Consumer confidence and finances are two critical components of the economy.
Notice how consumer sentiment and the stock market are linked on the chart below1. When consumer confidence peaks, the subsequent 12-month return for the stock market tends to be lower. Conversely, when consumer sentiment bottoms, notice the returns for the S&P 500 are higher. (Unfortunately, peaks and troughs are only known after the fact. We don’t know if consumer sentiment is currently low and heading lower, or if this represents a trough, indicating that sentiment and markets are about to move higher.

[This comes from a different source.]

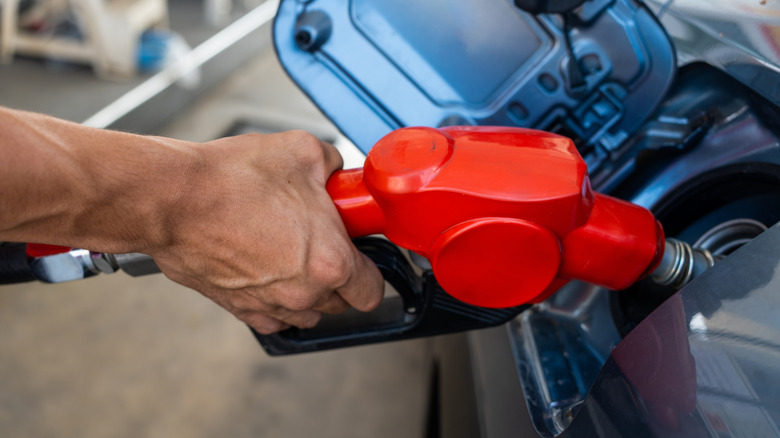 A man filling up his conveyance pinch gas.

If consumers are doing well financially, they pay their bills on time. When our financial situation gets more precarious, things can change.
The chart below2 shows what comprises the “consumer balance sheet,” which is effectively a compilation of all our individual balance sheets. As can be seen by the graphs on the left side, consumers have far more assets than liabilities. Cash flow, however, is a different issue.
Household debt service ratio (chart): shows debt payments as a percentage of disposable income. The graph illustrates the percentage of our income allocated to paying ongoing debts. Suffice it to say that as we spend more of our income on debt, we have less money to spend on buying goods and services.
Flows into early delinquencies (chart): an indicator of how much consumers are likely to spend in the coming months. (If consumers can’t pay their debts, they’re unlikely to increase spending on goods and services.) Note how the graphs are rising, which depicts higher delinquency rates. Look at the numbers in the small box: delinquency rates for auto loans (8.1%), credit cards (8.0%), student loans (0.9% as of 3/31/25 due to loan deferment programs, but now being reported as close to 25%), and mortgages (3.6%).
! “Consumer confidence and the stock market,” Slide 20, Guide to Retirement, J.P. Morgan. March 31, 2025.
2 “Consumer finances,” Slide 19, Guide to Retirement, J.P. Morgan. March 31, 2025.